Kondisi Perkebunan Sawit
Direktorat Jenderal Perkebunan, Kementerian Pertanian mencatat pada tahun 2019, luas tutupan kebun sawit di Indonesia mencapai 16,4 juta Ha, dengan komposisi sebagian besar dikuasai oleh Perkebunan Besar Swasta (PBS) sebesar 55% atau setara dengan 9,02 juta Ha, Perkebunan Rakyat (PR) sebesar 39% atau setara dengan 6,4 juta Ha, dan Perkebunan Besar Negara (PBN) sebesar 6% atau setara 0,98 juta Ha.
Melihat komposisi pada gambar di bawah, terlihat bahwa luasan Perkebunan Rakyat mencapai 39%, suatu jumlah yang cukup signifikan terhadap luas total keseluruhan. Â Apalagi ditenggarai, produktivitas perkebunan rakyat relatif rendah yakni baru mencapai 2-3 juta ton/per Ha, sementara produktivitas PBS dan PBN mencapai 8-10 juta ton/per Ha. Â Sedangkan PBS Malaysia produktivitasnya dapat mencapai 12 ton/Ha. Apabila produktivitas perkebunan sawit Rakyat dapat ditingkatkan, maka tenaga kerja Indonesia tidak perlu lagi berbondong-bondong ke Malaysia untuk bekerja di perkebunan sawit.

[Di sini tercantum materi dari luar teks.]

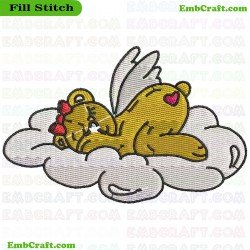 Cartoon Bear On Cloud Embroidery Design 9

Rendahnya produktivitas kebun sawit rakyat ditenggarai karena dua hal, penyebab yang paling dominan adalah usia tanaman yang sudah tua, dan faktor lainnya adalah bibit pohon sawit yang tidak berkualitas.Pohon sawit mulai dapat berproduksi saat berumur 3 tahun, setelah itu dapat berproduksi sampai dengan hasil maksimal saat usia tanaman mencapai 10-25 tahun. Saat ini perkebunan sawit rakyat sudah banyak yang berumur di atas 25 tahun karena sawit yang ditanam pada masa tahun 1980-an.

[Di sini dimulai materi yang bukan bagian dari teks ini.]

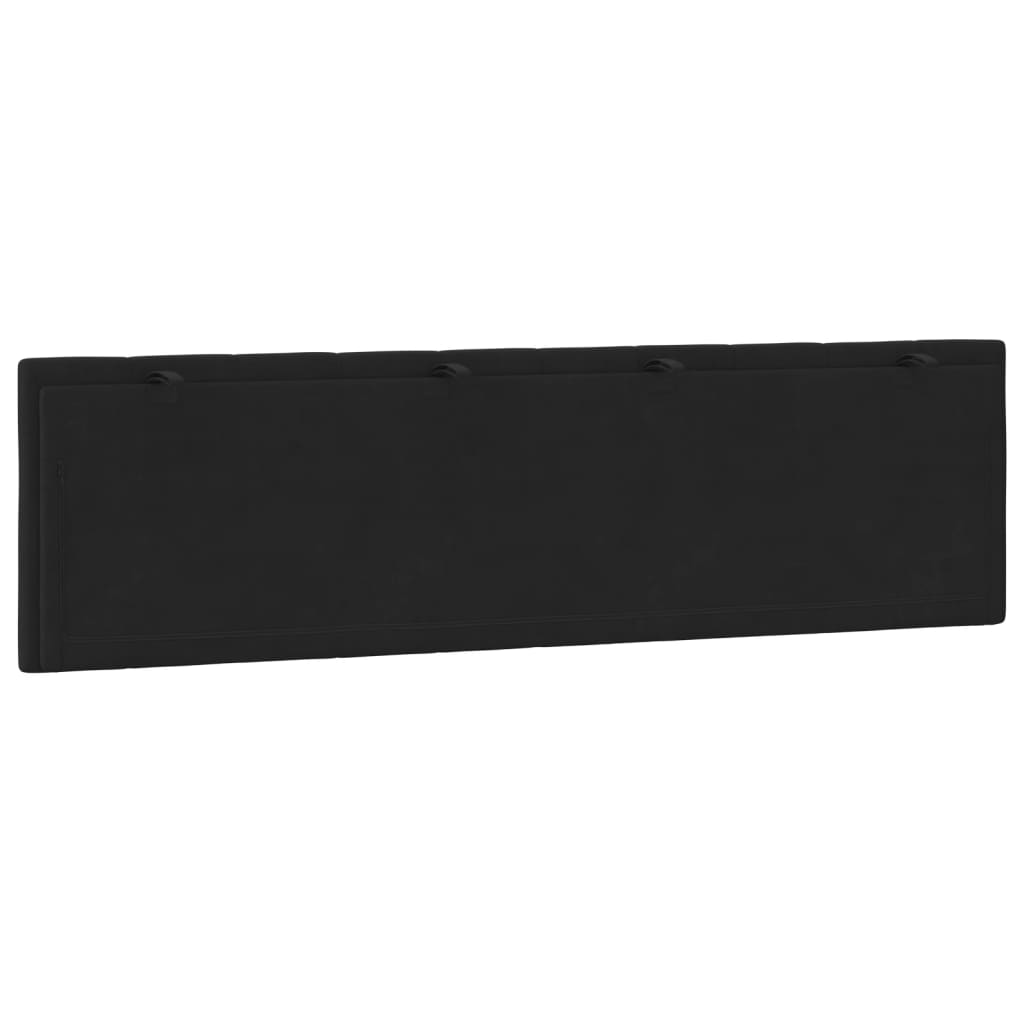 Headboard Cushion "Hanko" Black 180 cm Velvet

Indonesia kehilangan devisa sebesar Rp 120 triliun pertahun karena rendahnya produktivitas perkebunan sawit rakyat. Untuk itu perlu diupayakan peningkatan produktivitas sawit rakyat, salah satunya dengan program replanting yang dilaksanakan oleh Badan Pengelola Perkebunan Kelapa sawit (BPDPKS). Â
Program Replanting Sawit Rakyat
Replanting merupakan cara peningkatan produktivitas yang lebih sustainable dan menjadi jalan masuk teknologi dan manajerial yang lebih baik sehingga kebun sawit lebih berkualitas. Replanting pada dasarnya merupakan bagian dari kegiatan korporasi rutin bagi perkebunan. Namun, dalam pelaksanaannya di perkebunan sawit rakyat sering menghadapi hambatan karena keterbatasan kemampuan petani sawit rakyat dalam membiayai kegiatan tersebut. Oleh karena itu, Pemerintah mengeluarkan program Peremajaan Sawit Rakyat (PSR) untuk mendukung pelaksanaan replanting di perkebunan sawit rakyat melalui program hibah Badan Pengelola Dana Perkebunan Kelapa Sawit (BPDPKS).

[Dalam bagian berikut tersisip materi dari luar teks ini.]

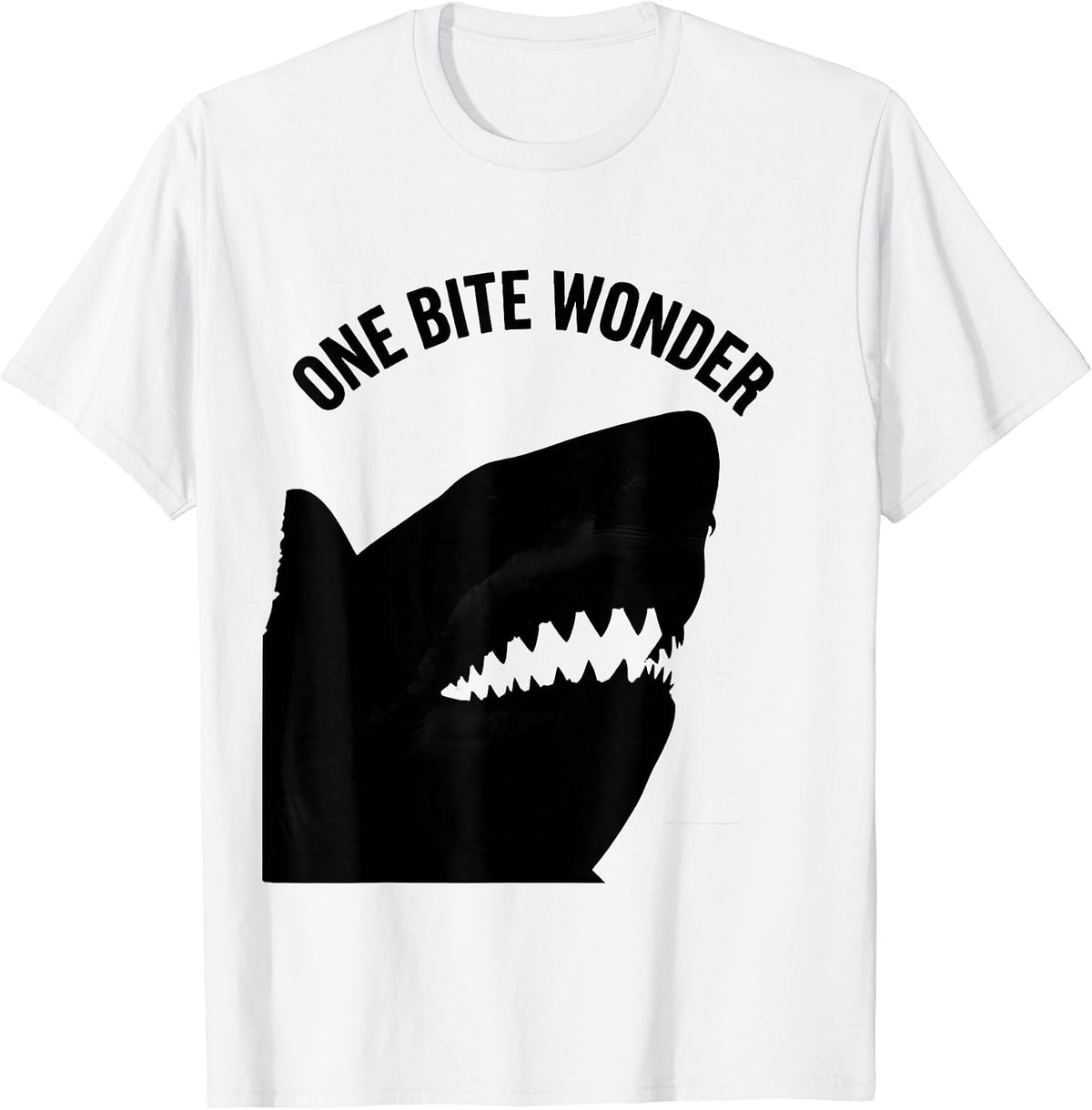 Men's One Bite Wonder Funny Shark Jaw Halloween Costume T-Shirt - White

Peningkatan produktivitas minyak sawit yang dihasilkan akibat replanting kebun sawit akan menghasilkan produksi minyak sawit dengan tambahan produksi sekitar 52 juta ton tanpa perluasan areal menuju tahun 2050. Selain itu, juga akan menghasilkan multimanfaat baik manfaat ekonomi, manfaat sosial dan manfaat ekologi yang dapat dinikmati baik level petani, daerah, nasional dan global.
Sebagai minyak nabati yang digunakan oleh seluruh masyarakat global, kebutuhan minyak sawit sangat besar dan diperkirakan akan terus meningkat di masa depan. Di sisi lain, ekstensifikasi untuk meningkatkan produksi minyak sawit menghadapi keterbatasan lahan yang sesuai baik untuk menjaga keseimbangan kebutuhan lahan antar sektor, maupun untuk mencegah terjadinya deforestasi. Oleh karena itu, peningkatan produktivitas menjadi opsi terbaik untuk meningkatkan produksi minyak sawit yang dapat tercapai melalui replanting.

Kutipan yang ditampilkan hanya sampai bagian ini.